Life is rhythmic. There are several intrinsic rhythms that regulate the human body. Each is based on a repetitive cycle of tension-relaxational, tension-relaxation. The most obvious rhythm is the heartbeat. The heart is a muscle, and when it contracts (tension) blood is pushed out into the arteries of the body to supply oxygen and nutrition. When the heart muscle relaxes in the second part of the cycle, veins fill the heart with oxygenated blood coming from the lungs. At rest, the heart may beat 60-70 cycles per minute. During exercise, or during a fight-or-flight response the rate may double. Simply telling the heart to slow down doesn't work.

The rhythm we can consciously control is our breathing. This is another muscular tension-relaxation cycle. We breathe in by:

  1. contracting and flattening the internal sheet of muscle called the diaphragm
  2. by contracting the small muscles that connect our ribs.

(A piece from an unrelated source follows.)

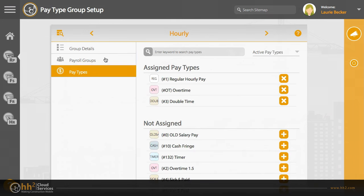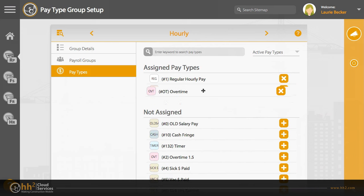The Pay Types tab is the location for you to add the desired types for this grouping. The order in which they appear here will be the order that they will display on the timesheets. You can adjust the order with click and drag.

These actions increase the volume of the chest and lungs, and air rushes in. When we relax the same muscles, air is pushed out. When we are at rest, we may breathe at the rate of 10 cycles per minute. When we are exercising or anxious the rate may double. Slowing our rate of breathing is relaxing. Controlling, monitoring, and slowing the breath is a core element of QR, as it is of yoga and meditation. The mantra: Follow the breath.

Over the last 30 years I have taught this exercise to hundreds of my anxious patients. Some found it to have no value; they preferred to take a Xanax. But patients who did not like taking medicine were likely to make the effort. I was gratified each time a patient told me that the effort to be more in control of their body and mind paid off.

References

[1] I am indebted to all my teachers of meditation, hypnosis, and self-hypnosis, especially Herbert Benson MD, Professor of Cardiology at Harvard University and founder of the Mind-Body Institute at Massachusetts General Hospital. His large body of work on The Relaxation Response has been invaluable and influential.